While I am publishing this post, the 2022 World Cup is taking place in Qatar. To celebrate this event, I will use the tidytuesday data about World Cups celebrated until 2018 to present two visualizations about the past winners of the World Cup. The packages I will be using are:
library(tidyverse)
library(ggimage)
library(kableExtra)
library(tidytuesdayR)
library(countrycode)
The tidyverse
package loads utilties for data handling and visualization. ggimage
allows placing images in plots done with gpplot2
. I am using kableExtra
to print tables.
I am using tidytuesdayR
to load World Cup data from the Tidytuesday GitHub repository. countrycode
allows obtaining data about countries, like the iso codes and the continent the country is in.

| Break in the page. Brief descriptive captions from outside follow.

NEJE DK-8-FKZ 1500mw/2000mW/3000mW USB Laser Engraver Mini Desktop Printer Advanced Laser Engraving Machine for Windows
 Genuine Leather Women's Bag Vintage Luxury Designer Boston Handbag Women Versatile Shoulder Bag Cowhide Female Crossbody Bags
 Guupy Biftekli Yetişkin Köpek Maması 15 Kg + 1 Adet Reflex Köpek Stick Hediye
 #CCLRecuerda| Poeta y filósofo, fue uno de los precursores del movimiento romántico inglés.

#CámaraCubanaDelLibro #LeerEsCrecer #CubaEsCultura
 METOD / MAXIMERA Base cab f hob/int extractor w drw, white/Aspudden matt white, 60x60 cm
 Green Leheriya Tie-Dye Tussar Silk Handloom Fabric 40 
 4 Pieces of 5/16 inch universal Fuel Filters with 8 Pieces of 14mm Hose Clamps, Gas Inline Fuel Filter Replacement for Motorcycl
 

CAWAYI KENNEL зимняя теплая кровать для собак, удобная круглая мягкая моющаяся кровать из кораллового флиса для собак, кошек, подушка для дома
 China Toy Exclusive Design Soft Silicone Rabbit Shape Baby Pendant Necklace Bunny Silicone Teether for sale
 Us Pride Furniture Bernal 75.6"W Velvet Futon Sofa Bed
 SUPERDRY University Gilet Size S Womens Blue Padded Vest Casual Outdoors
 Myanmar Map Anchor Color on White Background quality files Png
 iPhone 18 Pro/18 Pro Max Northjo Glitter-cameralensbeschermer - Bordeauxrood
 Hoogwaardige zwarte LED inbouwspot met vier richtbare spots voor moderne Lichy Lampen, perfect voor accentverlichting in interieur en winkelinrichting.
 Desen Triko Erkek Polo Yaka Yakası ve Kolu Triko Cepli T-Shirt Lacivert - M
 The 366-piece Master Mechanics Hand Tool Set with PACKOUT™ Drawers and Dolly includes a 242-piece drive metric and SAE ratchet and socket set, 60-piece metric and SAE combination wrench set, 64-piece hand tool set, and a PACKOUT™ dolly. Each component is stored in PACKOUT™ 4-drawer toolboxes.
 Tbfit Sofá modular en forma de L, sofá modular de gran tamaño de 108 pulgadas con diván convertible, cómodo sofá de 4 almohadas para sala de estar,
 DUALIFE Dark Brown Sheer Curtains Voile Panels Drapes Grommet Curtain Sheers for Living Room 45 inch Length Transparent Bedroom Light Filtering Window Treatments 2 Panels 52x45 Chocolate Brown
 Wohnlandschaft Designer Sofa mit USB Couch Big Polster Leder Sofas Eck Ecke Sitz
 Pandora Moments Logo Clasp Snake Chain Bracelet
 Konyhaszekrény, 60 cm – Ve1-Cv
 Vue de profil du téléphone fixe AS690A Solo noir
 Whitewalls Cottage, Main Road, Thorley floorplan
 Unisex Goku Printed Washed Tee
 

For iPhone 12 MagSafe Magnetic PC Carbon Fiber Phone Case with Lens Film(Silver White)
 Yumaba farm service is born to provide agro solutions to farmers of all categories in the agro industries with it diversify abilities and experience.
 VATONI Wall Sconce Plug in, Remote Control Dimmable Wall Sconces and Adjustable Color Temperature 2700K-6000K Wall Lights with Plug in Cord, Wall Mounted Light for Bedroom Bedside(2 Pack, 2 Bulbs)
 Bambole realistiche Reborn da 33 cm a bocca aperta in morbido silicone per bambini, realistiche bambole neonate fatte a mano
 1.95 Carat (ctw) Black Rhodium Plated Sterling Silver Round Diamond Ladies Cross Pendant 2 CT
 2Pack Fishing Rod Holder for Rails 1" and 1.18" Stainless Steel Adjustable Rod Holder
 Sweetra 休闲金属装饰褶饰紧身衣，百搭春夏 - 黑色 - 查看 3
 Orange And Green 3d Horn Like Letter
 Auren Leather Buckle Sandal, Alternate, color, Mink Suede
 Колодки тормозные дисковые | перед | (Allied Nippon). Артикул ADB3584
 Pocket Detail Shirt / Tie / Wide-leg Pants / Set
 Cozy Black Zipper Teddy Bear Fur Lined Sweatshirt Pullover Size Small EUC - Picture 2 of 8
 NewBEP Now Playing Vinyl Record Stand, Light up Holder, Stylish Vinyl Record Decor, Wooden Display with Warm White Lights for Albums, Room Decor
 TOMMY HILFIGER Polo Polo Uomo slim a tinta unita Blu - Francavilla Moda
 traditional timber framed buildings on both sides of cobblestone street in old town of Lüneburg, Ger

Let’s load the data about the world cup with tt_load
. Here I will be using the worldcups
dataset only.
tuesdata <- tidytuesdayR::tt_load(2022, week = 48)
wcmatches <- tuesdata$wcmatches
worldcups <- tuesdata$worldcups
rm(tuesdata)
load("worldcup.RData")
worldcups
contains information about each edition World Cup, among them the year and the winner:
worldcups %>% glimpse()
## Rows: 21
## Columns: 10
## $ year <dbl> 1930, 1934, 1938, 1950, 1954, 1958, 1962, 1966, 1970, 197…
## $ host <chr> "Uruguay", "Italy", "France", "Brazil", "Switzerland", "S…
## $ winner <chr> "Uruguay", "Italy", "Italy", "Uruguay", "West Germany", "…
## $ second <chr> "Argentina", "Czechoslovakia", "Hungary", "Brazil", "Hung…
## $ third <chr> "USA", "Germany", "Brazil", "Sweden", "Austria", "France"…
## $ fourth <chr> "Yugoslavia", "Austria", "Sweden", "Spain", "Uruguay", "W…
## $ goals_scored <dbl> 70, 70, 84, 88, 140, 126, 89, 89, 95, 97, 102, 146, 132, …
## $ teams <dbl> 13, 16, 15, 13, 16, 16, 16, 16, 16, 16, 16, 24, 24, 24, 2…
## $ games <dbl> 18, 17, 18, 22, 26, 35, 32, 32, 32, 38, 38, 52, 52, 52, 5…
## $ attendance <dbl> 434000, 395000, 483000, 1337000, 943000, 868000, 776000, …
Winners of the World Cup (1930-2018)
Let’s see what countries have ever won a World Cup:
unique(worldcups$winner)
## [1] "Uruguay" "Italy" "West Germany" "Brazil" "England"
## [6] "Argentina" "France" "Spain" "Germany"
When it comes to football, West Germany is equivalent to Germany. Let’s replace their appearances in the table:
worldcups <- worldcups %>%
mutate(winner = replace(winner, winner == "West Germany", "Germany"))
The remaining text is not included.